WMO Press Release No. 934 , 21 November 2011
WMO Bulletin highlights growth in nitrous oxide in atmosphere
GENEVA, 21 November 2011 (WMO) –The amount of greenhouse gases in the atmosphere reached a new high in 2010 since pre-industrial time and the rate of increase has accelerated, according to the World Meteorological Organization's Greenhouse Gas Bulletin. It focussed special attention on rising nitrous oxide concentrations.
Between 1990 and 2010, according to the report, there was a 29% increase in radiative forcing - the warming effect on our climate system - from greenhouse gases. Carbon dioxide accounted for 80% of this increase.
"The atmospheric burden of greenhouse gases due to human activities has yet again reached record levels since pre-industrial time," said WMO Secretary-General Michel Jarraud. "Even if we managed to halt our greenhouse gas emissions today – and this is far from the case – they would continue to linger in the atmosphere for decades to come and so continue to affect the delicate balance of our living planet and our climate."
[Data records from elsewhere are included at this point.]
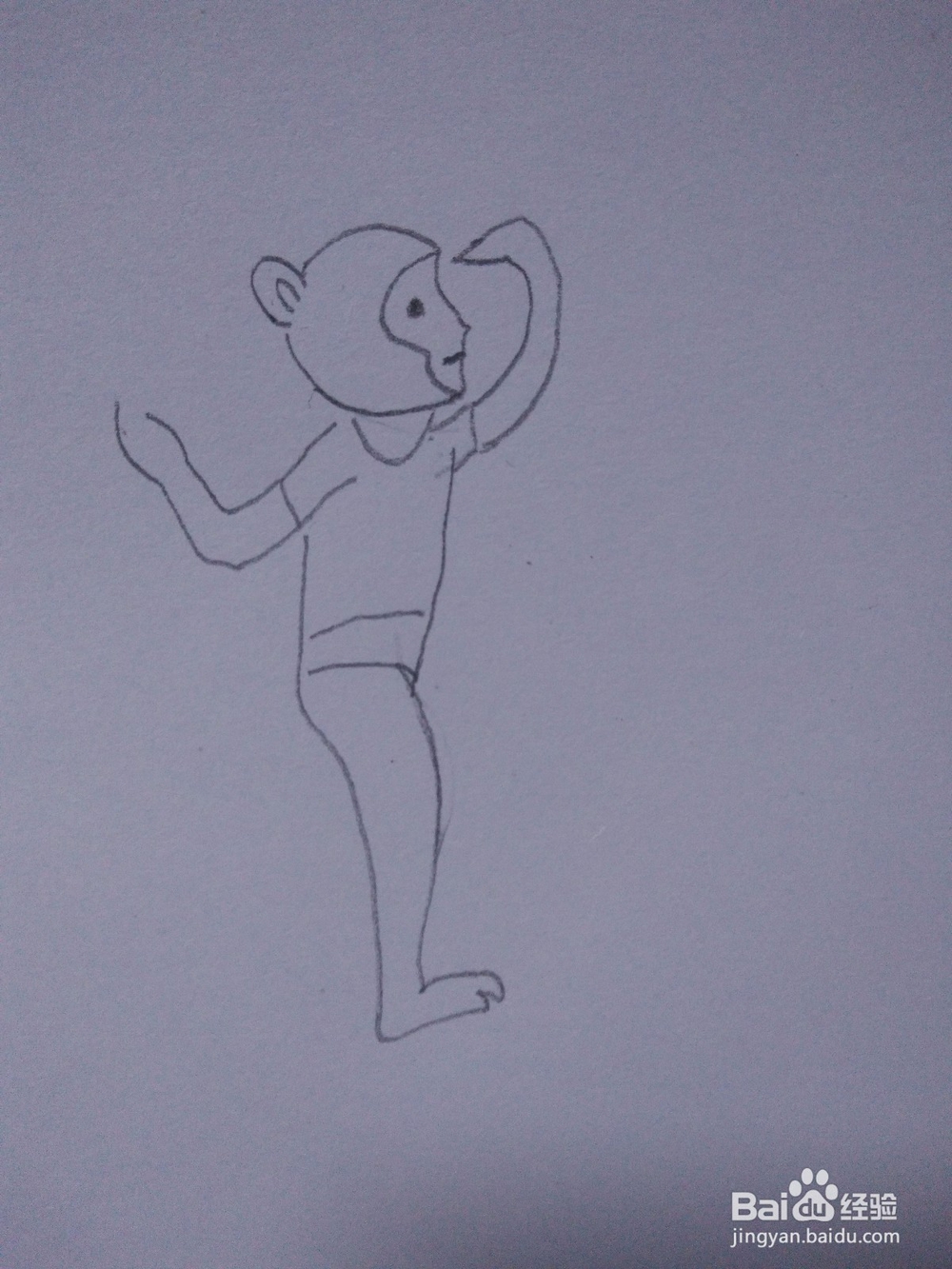 简笔画―如何画猴子骑独轮车简笔画？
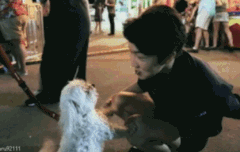 강아지에이어 갈매기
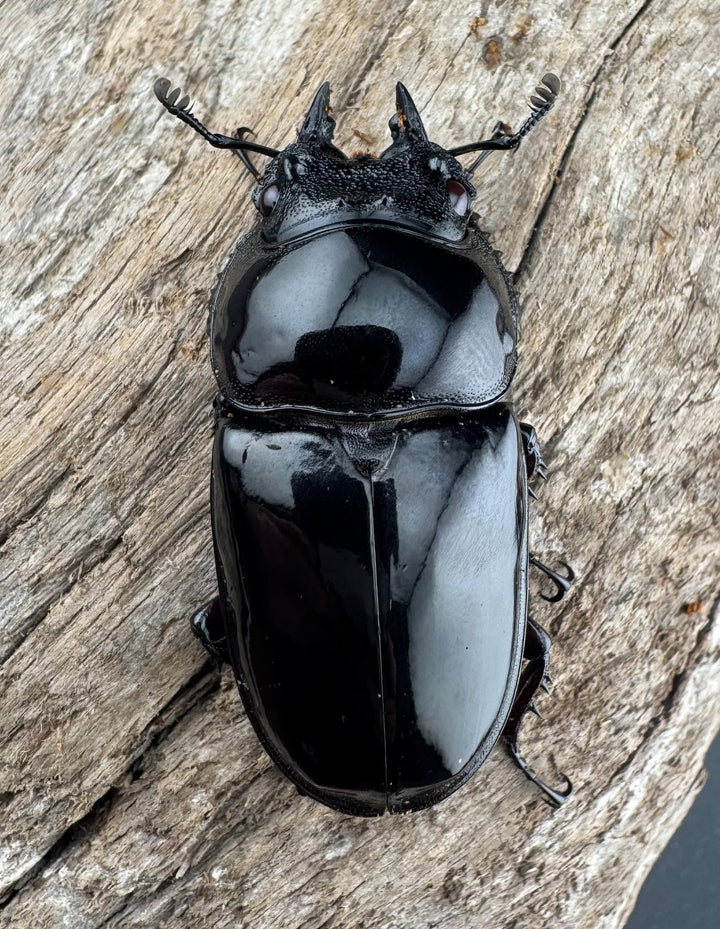 【赤目】《赤レギウスオオツヤクワガタ 魔閃紅血統 58mm ペア》inohiro109氏ブリード個体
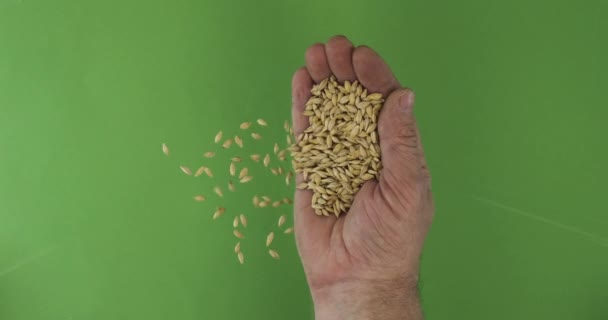 手のひらの中の農家は大麦の穀物を保持します。緑の背景に手からの穀物の山が落ちる. — ストック動画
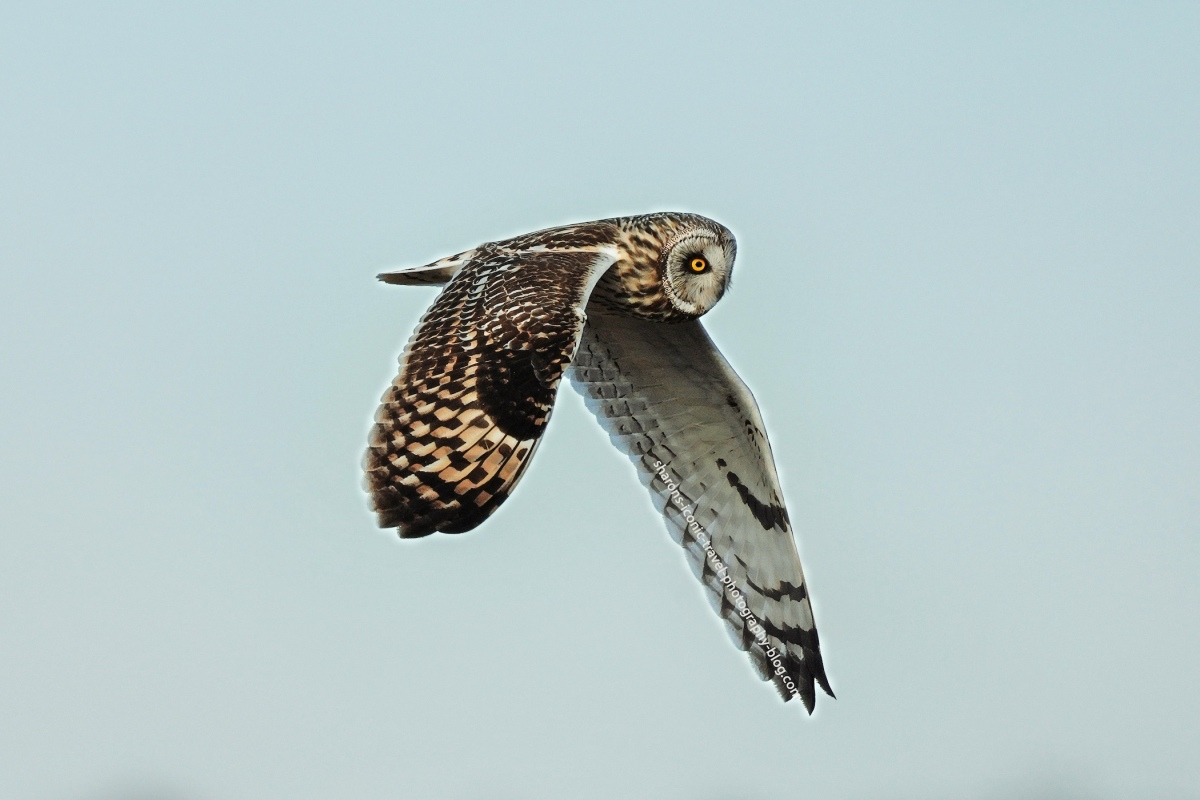 Short-Eared Owl in Flight 2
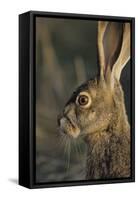 Black-Tailed Jackrabbit Wildlife, USA-Gerry Reynolds-Framed Stretched Canvas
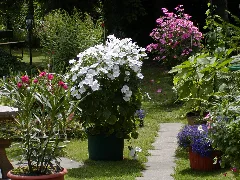 Bechermalven Rosa Und Weiß Panoramio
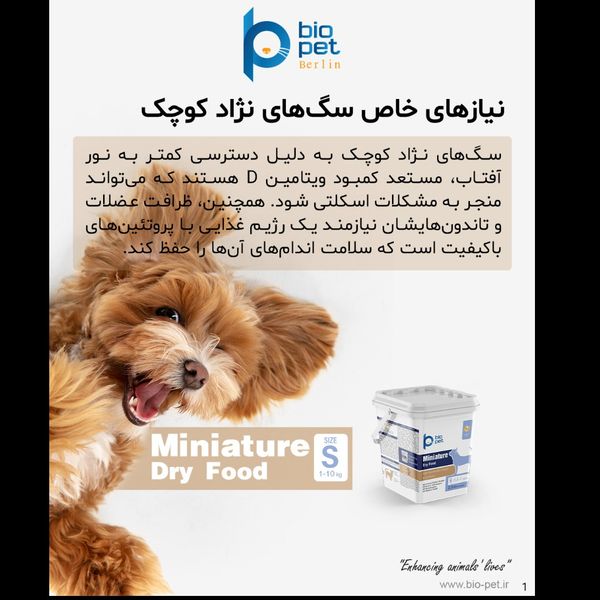 غذای خشک هالستیک سگ نژاد کوچک بالغ بایو پت مدل Miniature وزن 3.5 کیلوگرم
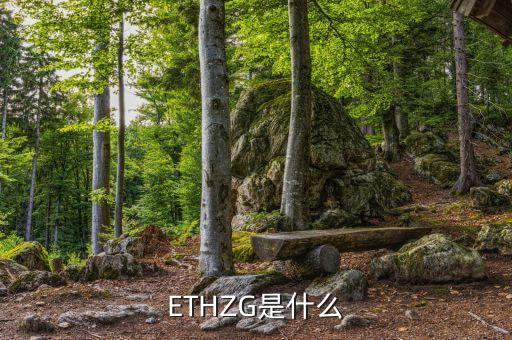 ETHZG是什么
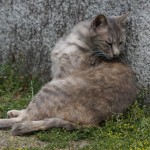 Un chat dans le parc du chateau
"Now more than ever before, we need to understand the complex, and sometimes unexpected, interactions between greenhouse gases in the atmosphere, Earth's biosphere and oceans. WMO will continue to collect data to further our scientific knowledge through its Global Atmosphere Watch network spanning more than 50 countries, including stations high in the Andes and Himalayas, in the remote expanses of Alaska and in the far South Pacific," he said.
Greenhouse gases trap radiation within the Earth's atmosphere causing it to warm. Human activities, such as fossil fuel burning and agriculture, are major emitters of greenhouse gases which are drivers of climate change. After water vapour, the three most prevalent long-lived greenhouse gases are carbon dioxide, methane and nitrous oxide.